Stored items:
════

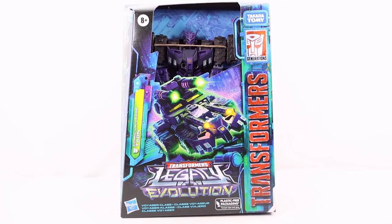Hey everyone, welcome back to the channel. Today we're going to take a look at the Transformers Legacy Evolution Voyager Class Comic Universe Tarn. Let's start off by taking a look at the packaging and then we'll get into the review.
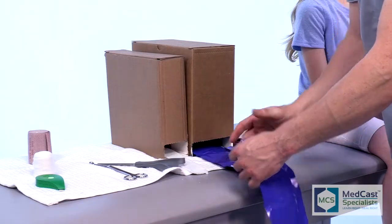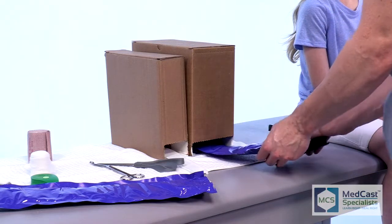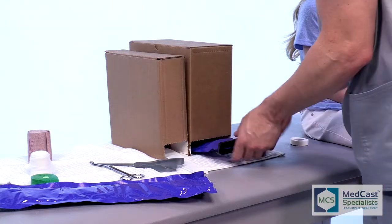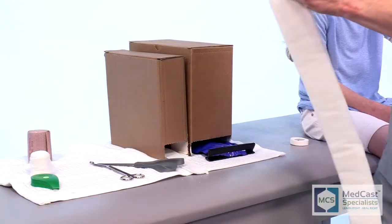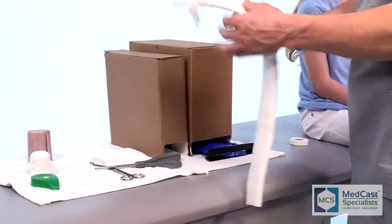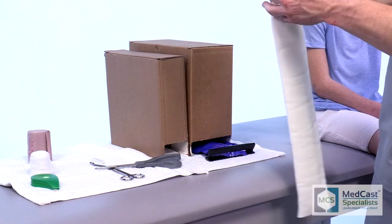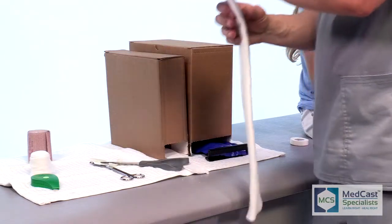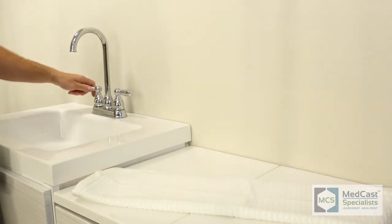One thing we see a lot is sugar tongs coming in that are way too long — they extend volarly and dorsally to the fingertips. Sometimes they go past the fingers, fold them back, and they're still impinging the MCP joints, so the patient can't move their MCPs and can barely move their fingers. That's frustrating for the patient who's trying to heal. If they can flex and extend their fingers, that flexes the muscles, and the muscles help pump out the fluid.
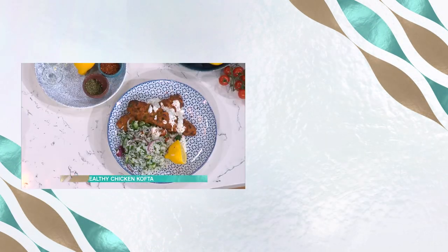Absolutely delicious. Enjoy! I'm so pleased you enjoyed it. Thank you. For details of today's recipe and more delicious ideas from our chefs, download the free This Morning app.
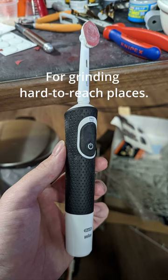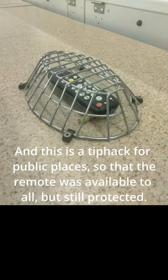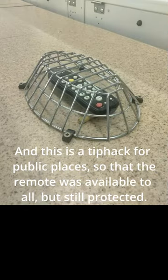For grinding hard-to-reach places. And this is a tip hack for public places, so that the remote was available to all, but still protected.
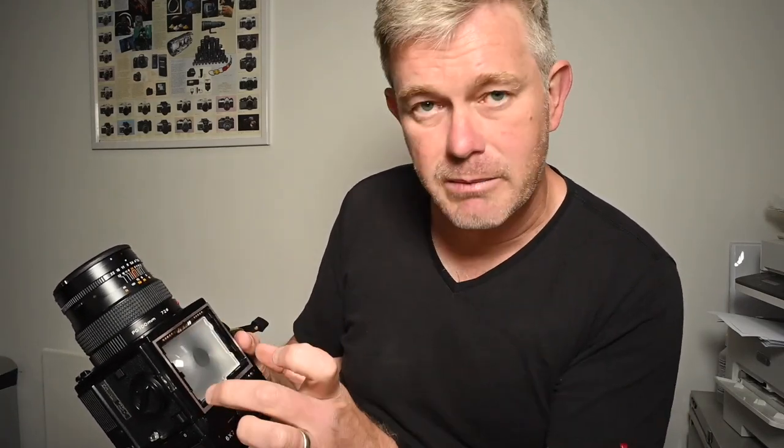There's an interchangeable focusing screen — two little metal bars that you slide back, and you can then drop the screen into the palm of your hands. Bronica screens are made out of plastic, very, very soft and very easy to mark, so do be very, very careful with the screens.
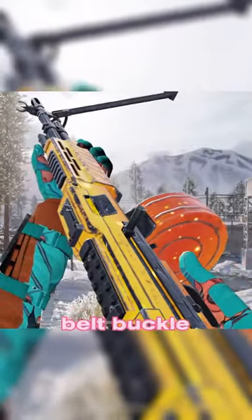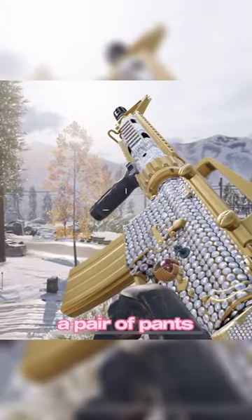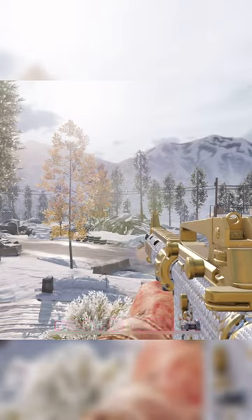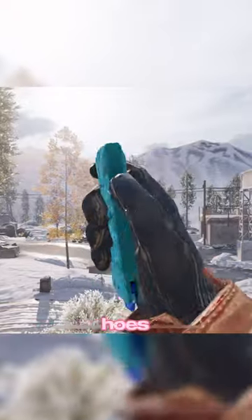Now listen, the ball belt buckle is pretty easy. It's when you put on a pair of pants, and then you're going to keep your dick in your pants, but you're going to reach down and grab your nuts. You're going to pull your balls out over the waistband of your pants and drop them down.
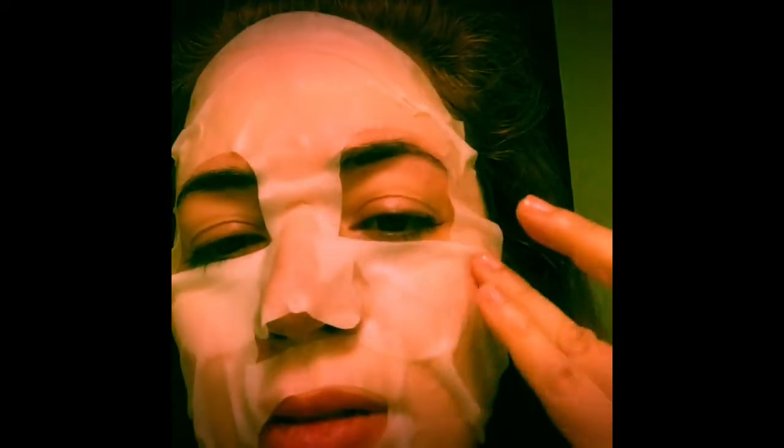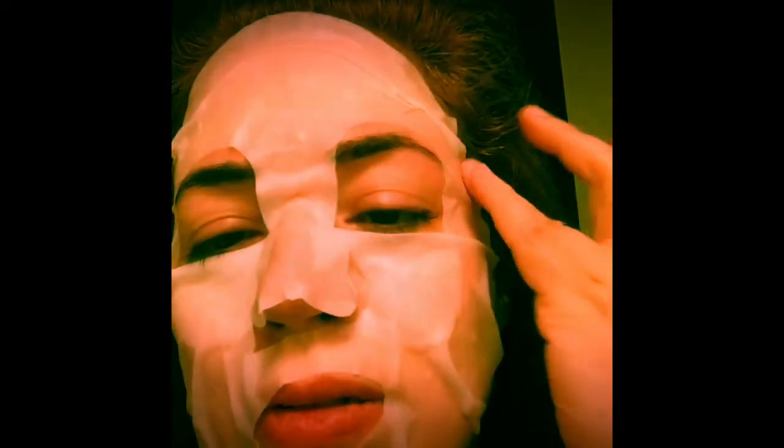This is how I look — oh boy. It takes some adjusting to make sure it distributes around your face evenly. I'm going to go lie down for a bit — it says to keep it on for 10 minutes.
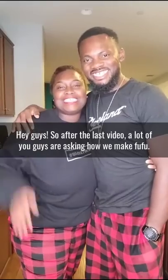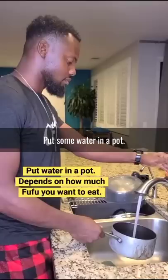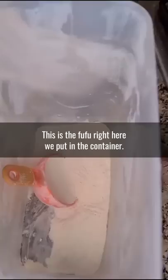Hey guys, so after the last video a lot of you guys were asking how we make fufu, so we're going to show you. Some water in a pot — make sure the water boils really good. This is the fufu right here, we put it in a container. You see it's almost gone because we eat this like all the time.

════

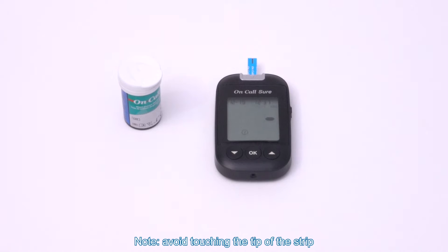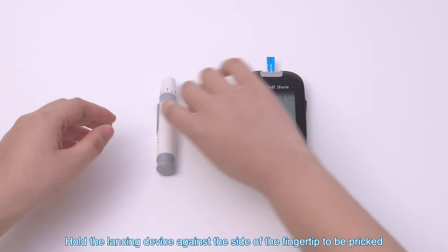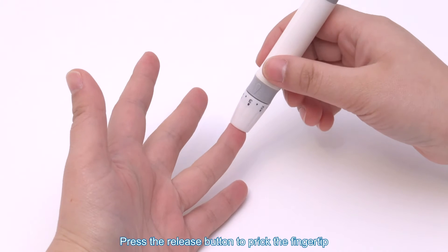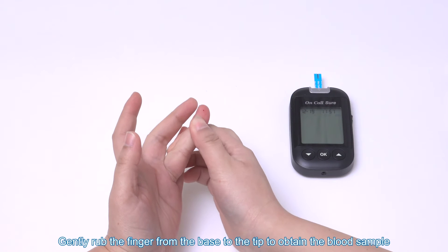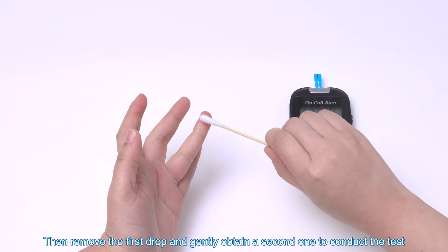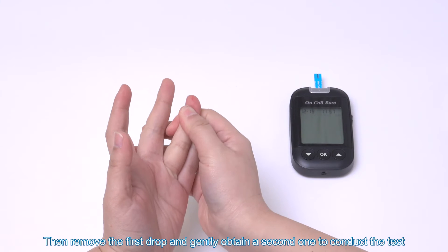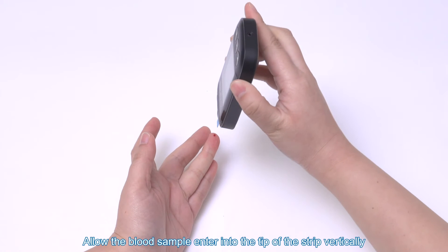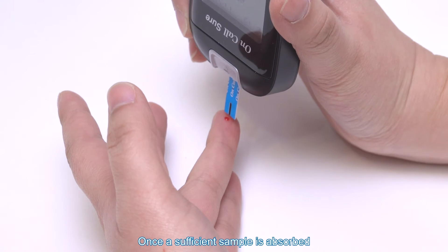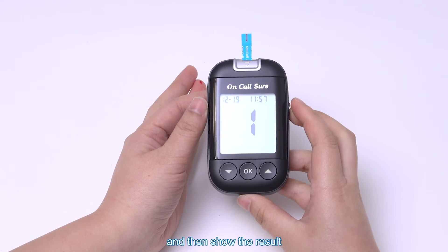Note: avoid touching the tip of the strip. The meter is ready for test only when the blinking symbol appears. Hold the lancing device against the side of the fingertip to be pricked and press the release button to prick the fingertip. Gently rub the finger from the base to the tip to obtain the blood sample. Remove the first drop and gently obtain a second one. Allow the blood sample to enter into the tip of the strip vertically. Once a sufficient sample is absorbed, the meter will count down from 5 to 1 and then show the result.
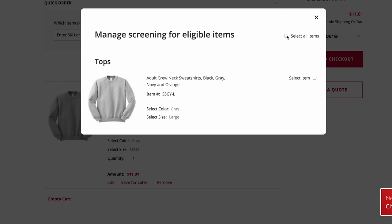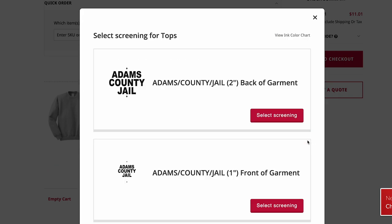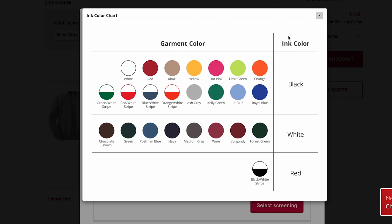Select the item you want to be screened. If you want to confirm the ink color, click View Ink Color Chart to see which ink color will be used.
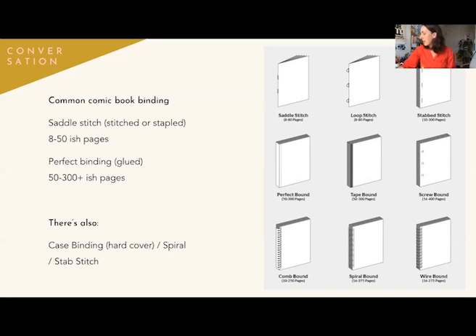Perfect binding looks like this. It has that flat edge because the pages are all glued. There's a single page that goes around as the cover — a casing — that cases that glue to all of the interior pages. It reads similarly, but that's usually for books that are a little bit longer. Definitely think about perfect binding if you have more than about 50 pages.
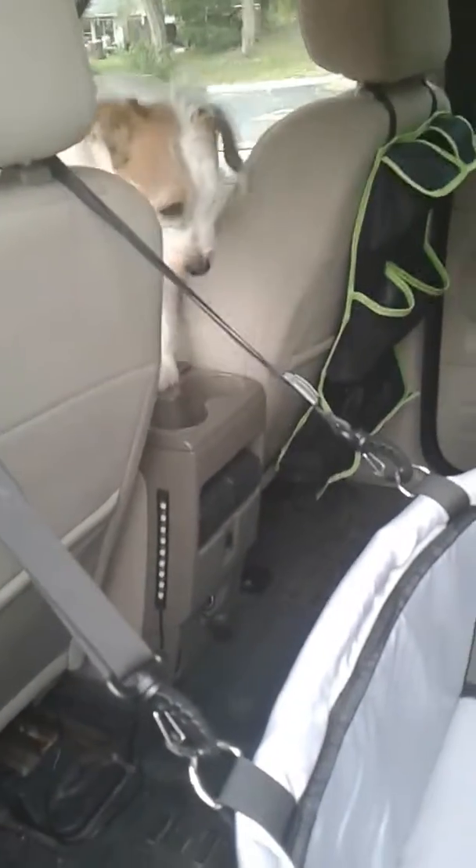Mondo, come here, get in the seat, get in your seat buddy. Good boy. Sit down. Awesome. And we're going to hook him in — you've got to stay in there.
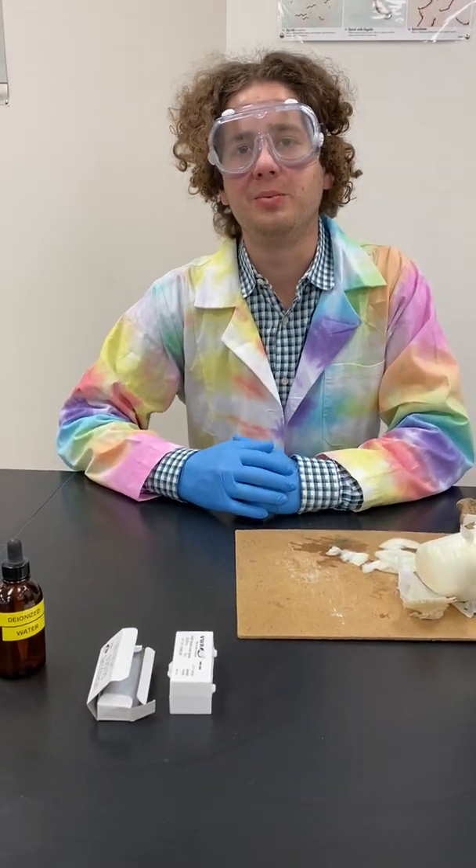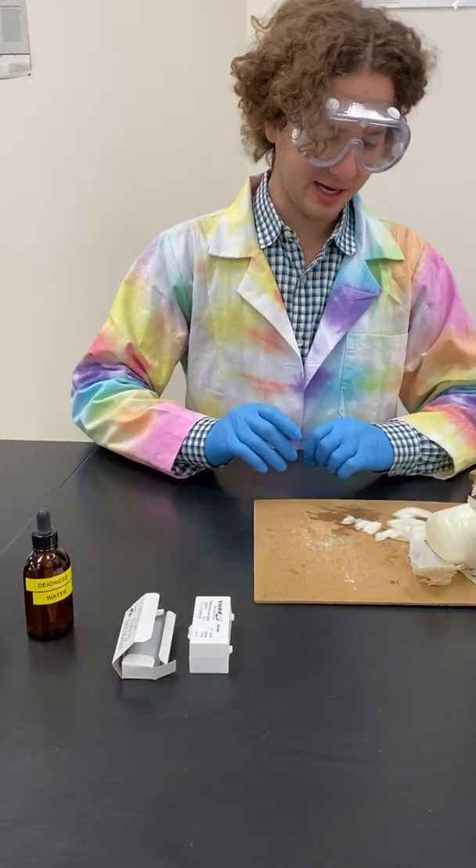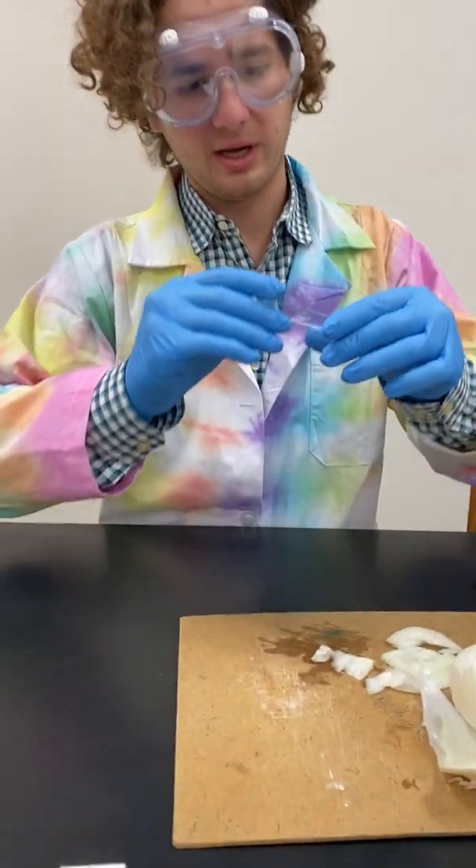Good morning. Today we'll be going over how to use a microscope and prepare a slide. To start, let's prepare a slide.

════

◆ Exercise description ◆
Leaving each picture behind, please give again exactly the lines above from the one with "Now listen, the" through the one with "Hey guys, so", both included, and no others.

◆ Solution for this exercise ◆
Now listen, the ball belt buckle is pretty easy. It's when you put on a pair of pants, and then you're going to keep your dick in your pants, but you're going to reach down and grab your nuts. You're going to pull your balls out over the waistband of your pants and drop them down.
This is how I look — oh boy. It takes some adjusting to make sure it distributes around your face evenly. I'm going to go lie down for a bit — it says to keep it on for 10 minutes.
Hey guys, so after the last video a lot of you guys were asking how we make fufu, so we're going to show you. Some water in a pot — make sure the water boils really good. This is the fufu right here, we put it in a container. You see it's almost gone because we eat this like all the time.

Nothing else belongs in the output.